Although the DBSA infrastructure fund and ISA were set up to fast-track the process, when private sector investors do engage with local government infrastructure projects they find that getting regulatory approvals can still take forever.
“It does become frustrating to get these approvals at municipal, provincial and even national level. Registering with the DBSA infrastructure fund and ISA has helped to hurry projects along, but the process is still too slow.”
All this explains why getting financial close on projects is such a challenge and attracting private sector involvement is also “too slow”.
“But we have seen some successes,”
Yose says. She mentions an IDC pipeline project for platinum miners in Lephalale in Limpopo. The government has provided grants upfront and commercial banks have come in with loans for the project that will be repaid by the users, the mines.
But it’s taken four years just to get this far. “It has not been as fast as we anticipated initially when the project was announced in 2020,” she says.
Nothing is more important right now than bringing in private sector funds and skills to galvanise the network sectors — rail, ports and electricity. “Once the policies and regulatory environment comes in around government’s logistics road map, we’re going to see a lot of investment of skills and money coming in.”
Yose is upbeat about long overdue policy certainty at Transnet around opening the rail infrastructure to private operators.
“Because you have governance failures in almost every single town in the country it becomes difficult for agencies like ISA, DBS and the IDC to fix everyone’s problems all at once at municipal level, but at the level of state-owned companies such as Transnet and Eskom we’re seeing projects advancing and getting prepared.”
Lack of project preparation remains a major challenge, however. “It’s happening, it’s just not happening fast enough.”
How can the public-private partnership (PPP) model be made more fit for purpose?
“Our mandate as the IDC is to fund profitable projects and our work is mainly with SOEs. Right now we’re looking at the Eskom transmission line and Transnet and the water infrastructure agency that has to be set up. From that point of view there is a lot of work to be done. But government has done quite a lot in terms of preparing the environment for investors, such as putting proper regulations in place to enable them to participate.”
The most urgent governance issues right now are around water, she says. “You cannot have lack of governance when it comes to the provision of water, because water is about life and death. What we’ve seen in Hammanskraal, where we had the issue of cholera, is evidence of that.”

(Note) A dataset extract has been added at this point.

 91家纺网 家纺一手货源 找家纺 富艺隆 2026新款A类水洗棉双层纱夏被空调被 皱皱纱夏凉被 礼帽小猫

What does she make of the water crisis in Johannesburg?
“It’s the same story everywhere. It’s the fact you’ve got this backlog of infrastructure development and maintenance around the country. It comes back to governance. With all the infighting it becomes difficult to make the decisions that need to be made for investment to happen.”
As for South Africa being an attractive investment destination, “the potential is certainly there, but there’s a lot of work to be done”.

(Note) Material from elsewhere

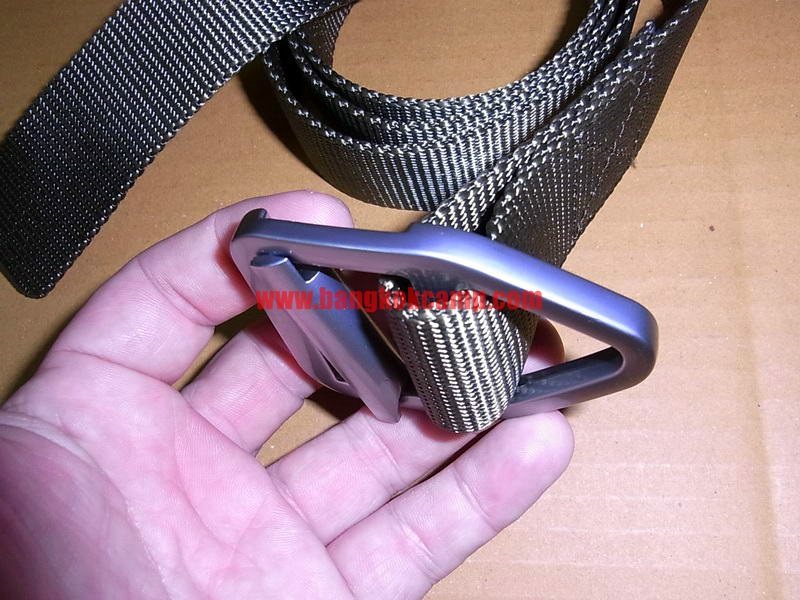 เข็มขัด หัวโลหะขาว สีเขียวทหาร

Work that is being done, especially in the Presidency with the logistics road map, the splitting of Eskom and putting in transmission lines, and the joint venture with a Philippines-based international port operator to manage flagship Durban container terminal pier 2 will go a long way to reaching that goal, she says.
On paper at least things are looking hopeful at the level of SOEs such as Transnet and Eskom, “but it’s about swift execution”.

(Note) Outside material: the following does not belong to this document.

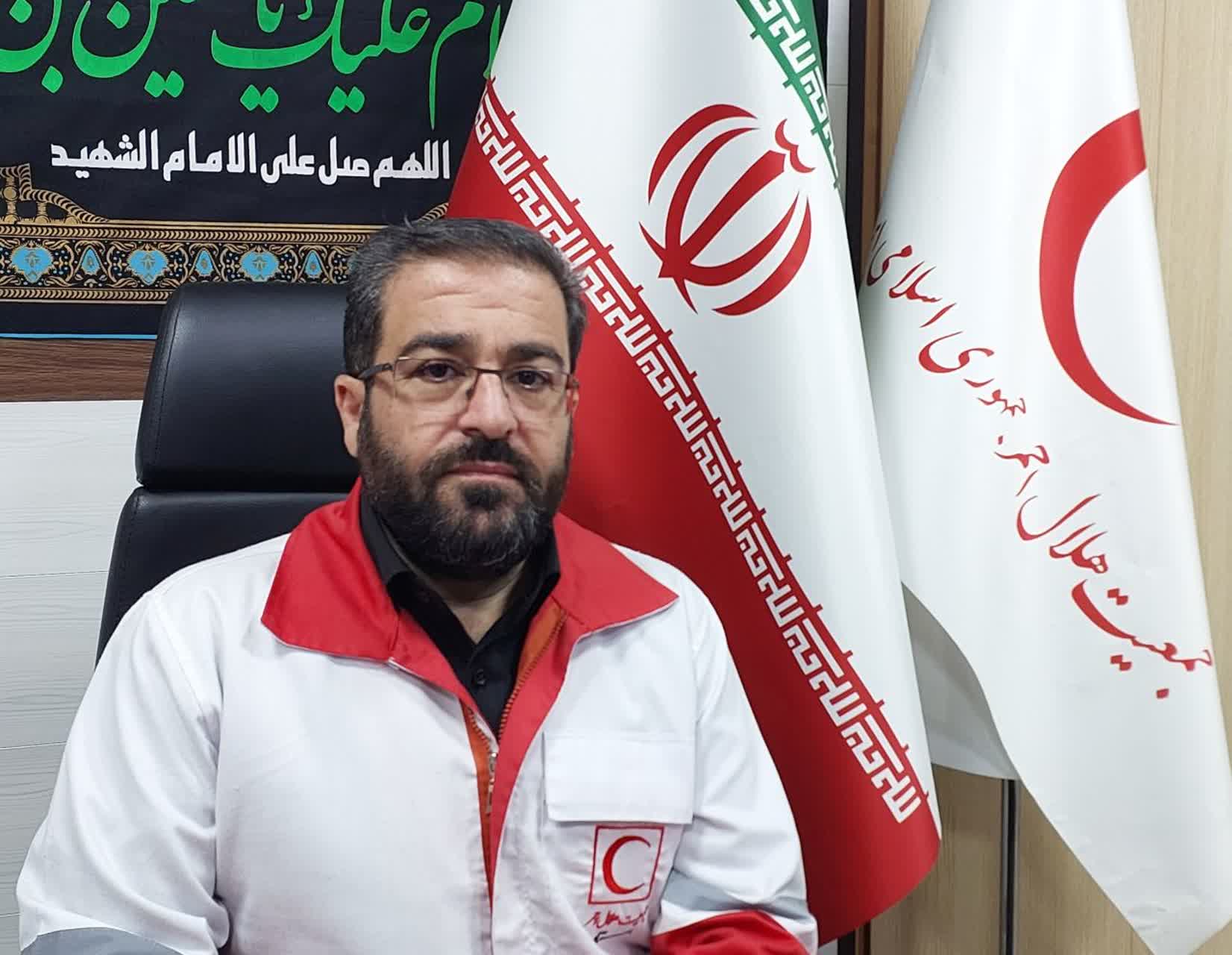 خدمترسانی تیمهای امدادی و درمانی هلالاحمر قم به دلدادگان اربعین حسینی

Enough groundwork has been done to safeguard infrastructure development projects during the election period, says Yose, a Wits University and PwC-trained chartered accountant. She has an MBA from the Gordon Institute of Business Science and joined the IDC as an analyst in 2008, rising to head of infrastructure in 2020.
“If the new administration that comes in fast-tracks what this one has started we can get to where we need to go very quickly.”